Nice! Keep those progress pics coming!


----------



## Janger (Sep 24, 2020)

Glad you're here Gerrit this is good stuff.


----------



## Tom O (Sep 24, 2020)

That’s a good site.


----------



## gerritv (Oct 10, 2020)

It is sooo close to running. But house and yard has prioirty, and helping a friend build a new fence/gate. Next week is clear so expecting to have this running on Pathpilot very soon.
After a ton of layout, pin-prick followed by centre punch I am seriously impressed with what you can do on a drill press. Almost nothing on this build was done with my milling machine except cross drilling the t-bolts. The 16 holes for the bed subplate all lined up!
Shop made counter bore did the trick to get the SHCS recessed.

gerrit


----------



## gerritv (Oct 12, 2020)

And its moving. Spindle arrives next week which is when the real fun begins.





Gerrit


----------



## gerritv (Oct 17, 2020)

And we are now cutting. Lots of details left to work on but I know the machine works.


----------



## PeterT (Oct 17, 2020)

Way to go. 
Maybe you mentioned already but what is the wattage of your spindle motor?


----------



## gerritv (Oct 18, 2020)

It's 2.2kw ER20 water cooled


----------



## gerritv (Oct 18, 2020)

I really want to believe this number:


----------



## RobinHood (Oct 18, 2020)

I guess you are measuring TIR of the endmill shank in your spindle you got off AliExpress?
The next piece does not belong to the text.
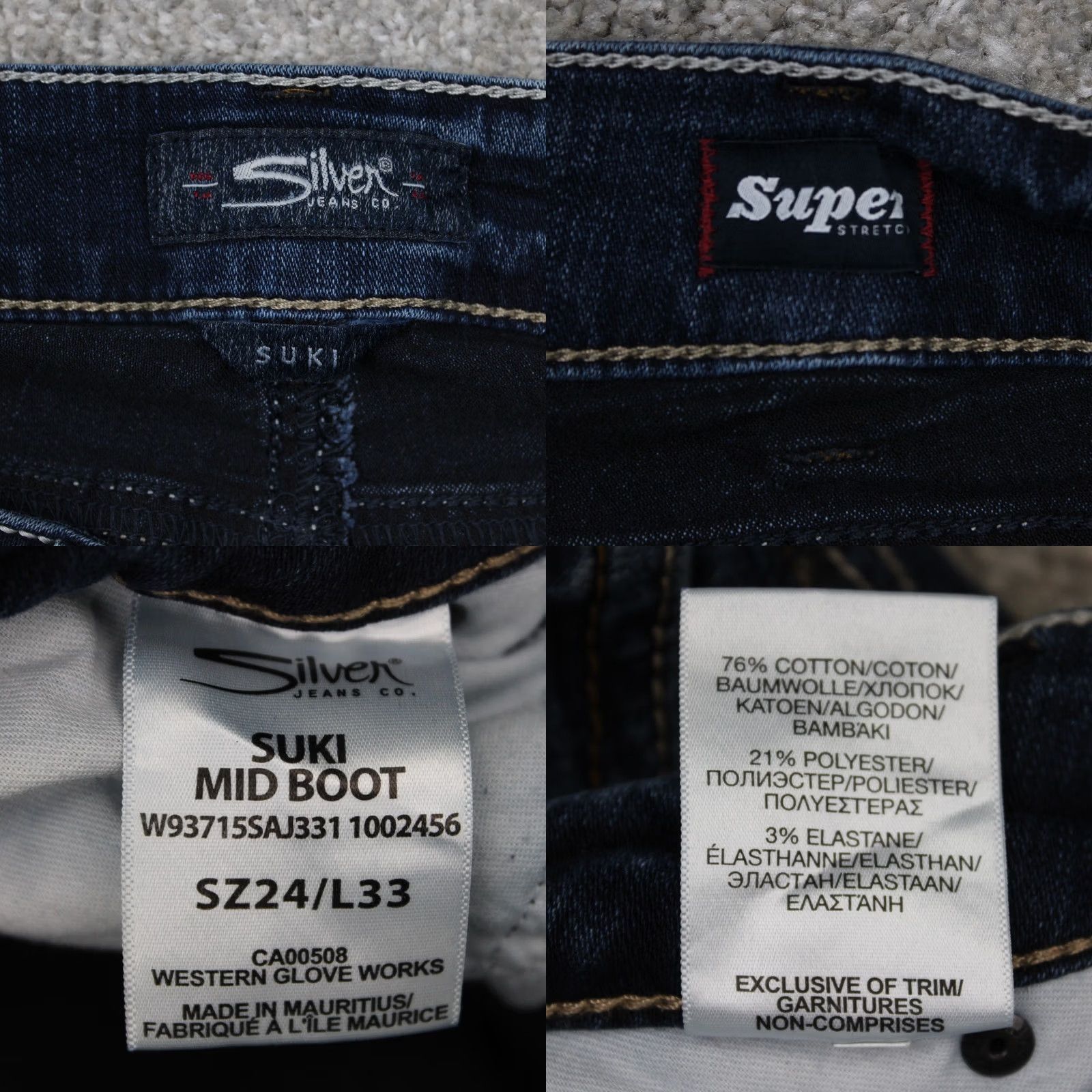 Silver Jeans Co. Silver Jeans Suki Blue Jeans Womens 24x33 Bootcut Cotton Blend Denim Stretch Regular 5-Pocket Size 42" / US 20 - 9 Thumbnail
I would say that that is very good. My 1968 BP mill gets 2 to 2.5 tenths TIR at the endmill shank with an R8 to ER32 adapter and appropriate collet.


----------



## PeterT (Oct 18, 2020)

I could be. But an appropriate prior check step is remove the collet & EM shank & measure the ID cone. If you get a similar number you are probably good. But by introducing extra elements all you read is the collective whole. Potentially you can have cancellations or exaggerations depending on how they align/misaligned.

For example lets say we know for sure spindle ID cone is off 0.001". And collet/shank is also off by 0.001". Put them together one way minimized & they cancel 0.000" Put them together phased a different maximized way & you get 0.002". Anything in between yields different relative number. 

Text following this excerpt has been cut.